When implementing a prospecting framework, there are many potential obstacles that companies can encounter that make it difficult for your prospects to understand your offering. Generally anytime a prospect is confused, you will drop to the bottom of their priority list. Focus can mean the difference between an inconsistent pipeline and building a scalable machine. Below are three such obstacles — unrefined positioning, speaking in tech jargon, and talking a big game — and how focus will help you avoid these potential pitfalls.
The more targeted you can be in creating an “Ideal Customer Profile” zeroing in on the prospects by specific industry, by stakeholder, with key attributes, and keywords, the easier it will be to communicate the benefit of using your product (or service).
Pinpoint the specific problem that your service addresses for your ideal customer instead of trying to be all encompassing. This may seem counterintuitive, since many startups try to position themselves as a one-stop-shop to appeal to as many potential customers as possible. This type of ‘wide positioning’ is difficult to repeat and can leave prospects confused as to what you do.
Start with a single vertical, testing content that speaks to the pain points of your top 2-3 stakeholders. Once you have proven positioning in one vertical that resonates with your prospects, the easier it will be to replicate that success in the next vertical on your target list.
Speaking in Tech Jargon
Many startups fall in love with their technology’s features and make the mistake of using jargon to explain what they do.

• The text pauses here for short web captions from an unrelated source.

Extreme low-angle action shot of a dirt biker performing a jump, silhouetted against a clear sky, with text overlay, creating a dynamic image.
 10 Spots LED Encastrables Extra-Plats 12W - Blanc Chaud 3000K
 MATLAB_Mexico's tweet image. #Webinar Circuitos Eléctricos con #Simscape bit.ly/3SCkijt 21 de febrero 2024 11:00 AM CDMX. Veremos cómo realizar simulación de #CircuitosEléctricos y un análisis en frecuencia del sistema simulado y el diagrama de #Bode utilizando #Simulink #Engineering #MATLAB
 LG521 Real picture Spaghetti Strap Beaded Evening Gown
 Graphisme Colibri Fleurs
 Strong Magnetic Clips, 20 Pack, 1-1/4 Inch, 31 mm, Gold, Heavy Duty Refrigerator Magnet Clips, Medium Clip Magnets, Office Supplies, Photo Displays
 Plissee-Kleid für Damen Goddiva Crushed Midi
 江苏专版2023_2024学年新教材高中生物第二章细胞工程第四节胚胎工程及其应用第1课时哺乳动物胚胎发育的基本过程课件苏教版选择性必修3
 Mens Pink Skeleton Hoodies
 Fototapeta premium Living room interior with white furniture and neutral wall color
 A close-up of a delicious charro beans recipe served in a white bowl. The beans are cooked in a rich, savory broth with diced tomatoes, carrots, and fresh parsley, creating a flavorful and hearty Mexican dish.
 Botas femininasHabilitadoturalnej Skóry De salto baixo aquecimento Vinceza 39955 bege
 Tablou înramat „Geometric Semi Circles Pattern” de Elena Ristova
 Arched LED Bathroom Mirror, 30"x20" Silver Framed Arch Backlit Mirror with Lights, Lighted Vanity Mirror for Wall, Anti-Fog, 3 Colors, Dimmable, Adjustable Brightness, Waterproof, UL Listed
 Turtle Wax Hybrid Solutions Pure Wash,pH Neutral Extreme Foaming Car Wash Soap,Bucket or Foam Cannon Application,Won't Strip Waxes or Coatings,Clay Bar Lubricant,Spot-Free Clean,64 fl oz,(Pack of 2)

But tech speak can be divisive and end up alienating the exact people you are looking to build a relationship with.
Instead of reciting all the amazing features of your technology, opt for using the simplest language to explain how the product or service will benefit your prospect. The easier it is for a prospect to understand how you can help them, the faster they move towards a meeting or referring you to a decision maker.
EXAMPLE: A recent client utilized this approach when selling a real-time verification software in a subscription model. Instead of taking the approach of what the software does and how it differs from other similar competing software, we focused on how the software can benefit the consumer — by reaching the elusive millennial demographic. In the end, reaching the demographic proved to be much more engaging than speaking to the technology itself.
Talking a Big Game
It’s easy to make claims that you have no true competitors. But words are cheap and customers are savvy enough to research which claims are legitimate, or not.
The age-old idiom “show not tell” applies to prospecting outreach — use proof points to demonstrate the results you’ve produced with prior clients (e.g. data, testimonials, case studies) in all email and phone touches.
Anyone can make claims about how great their product or service is, but let your prospect come to those conclusions on their own by giving concrete examples of what you have accomplished.
EXAMPLE: “Company A is an online global community of 4mm baby boomers & their favorite brands. Last year we drove over $1.5B of tracked incremental revenue for 200 major retailers like X, Y and Z.”
Following these three tips can help you narrow your focus into a repeatable system for interacting with the prospects with the highest probability of closing. By clearly positioning your service for the most ideal prospects, keeping your language simple, and letting your experience speak for itself, you will be qualifying faster and building consistency in your pipe.